Investire nella ripresa del mercato (con rendimenti a velocità doppia).

Nel corso degli ultimi anni la crisi economico finanziaria ha colpito tutta l’Europa e in particolar modo i Paesi con maggiore leva finanziaria.

Di fronte alle speculazioni dei mercati finanziari sui debiti sovrani, Grecia, Spagna, Italia e Portogallo hanno (o hanno dovuto) applicare rigide (e miopi) politiche di Austerity anzichè mettere a disposizione risorse per supportare l’economia reale.

Il progressivo aumento del timore sulla tenuta del debito sovrano (riflessosi sull’aumento dei tassi) ha innescato una spirare tutt’altro che virtuosa di contrazione del credito all’impresa (Credit Crunch), aumento delle sofferenze, quindi ulteriori riduzioni di erogazione di credito e, infine, il fallimento di molte imprese e addirittura di alcune banche.

La contrapposizione delle varie posizioni europee ha fatto tardare l’intervento risolutivo alla banca centrale (quantitative easy) che, seppur con estremo ritardo, ha stabilizzato la crisi.

Questa tempesta finanziaria ha generato la dispersione di valore aziendale ma, al contempo, ha creato un una nuova forma di investimento basato sul turnaround aziendale.

Le transazioni M&A si sono quindi notevolmente modificate, non si parla più di negoziare il controvalore della transazione poiché nell’ambito della crisi questo è fortemente depresso fino ad addirittura essere azzerato.

Si valuta oggi all’immissione di risorse finanziarie nell’ambito di un piano di ristrutturazione che, in un periodo assimilabile agli investimenti di private equity, recuperi il valore aziendale attraverso il traghettamento fuori dalla crisi dell’impresa.

Questa tipologia di investimento oggi è matura. Sul sistema paese Italia, per fare un esempio, si registra una concomitanza tra il consolidamento della normativa a servizio della risoluzione della crisi d’impresa, una timida ripresa del mercato che fa intravedere con ottimismo il recupero di quote di mercato per le società che hanno vissuto difficoltà finanziarie e al contempo la progressiva riduzione dei rendimenti sui titoli a mercato.

Quindi, a fronte di una progressiva riduzione del rischio sull’investimento (stabilizzazione legislativa e interruzione della crisi), vi è un indiscusso differenziale di rendimento tra gli investimenti in turnaround e quelli sui mercati regolamentati, benchè questo oggi non sia più giustificato da un differenziale di rischio.

Ecco perché oggi si sta sviluppando un crescere di club deal per investimento di questa tipologia.
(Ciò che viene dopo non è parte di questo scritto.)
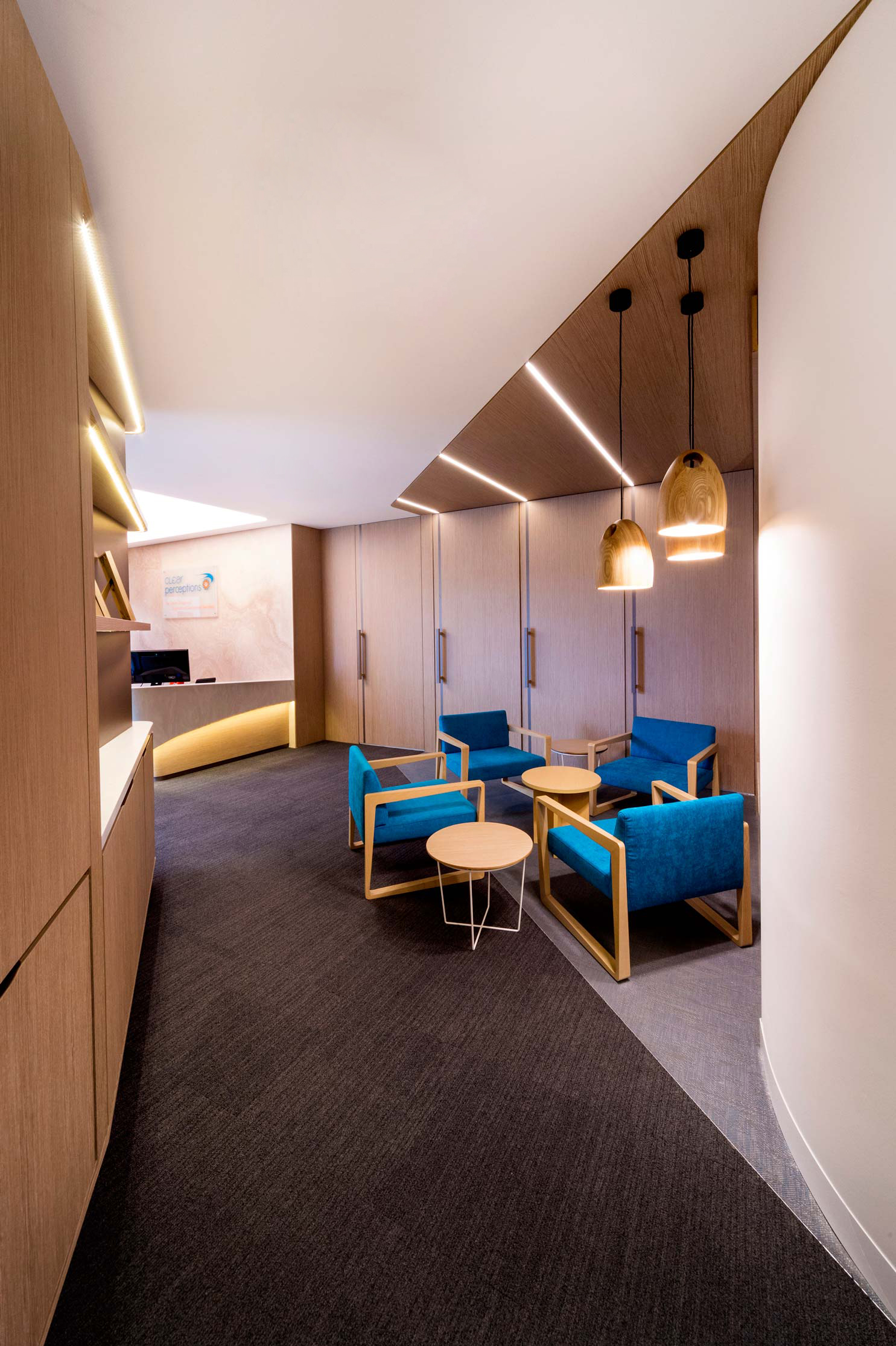 office waiting lounge with timber cabinet walls and timber doors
E il rischio si basa non tanto sul target, quanto sul gestore dell’investimento e, sulla sua expertise nel gestire le ristrutturazioni aziendali.

Non mancano le opportunità di investire nel lusso italiano, inteso non solo come fashion ma come eccellenza nei più diversi settori. Marchi che nel tempo hanno saputo conquistarsi notorietà in Italia e nel mondo e che oggi, complici cause endogene (mala gestio) ed esogene (crisi in genere), possono essere acquisite attraverso una sola ricapitalizzazione senza dover tenere conto dei valori intrinsechi (know how, valore marchio, avviamento) che invece erano, fino a poco tempo fa, il pane quotidiano degli operatori di M&A.

Il lusso italiano oggi è sul mercato. E a prezzi di saldo.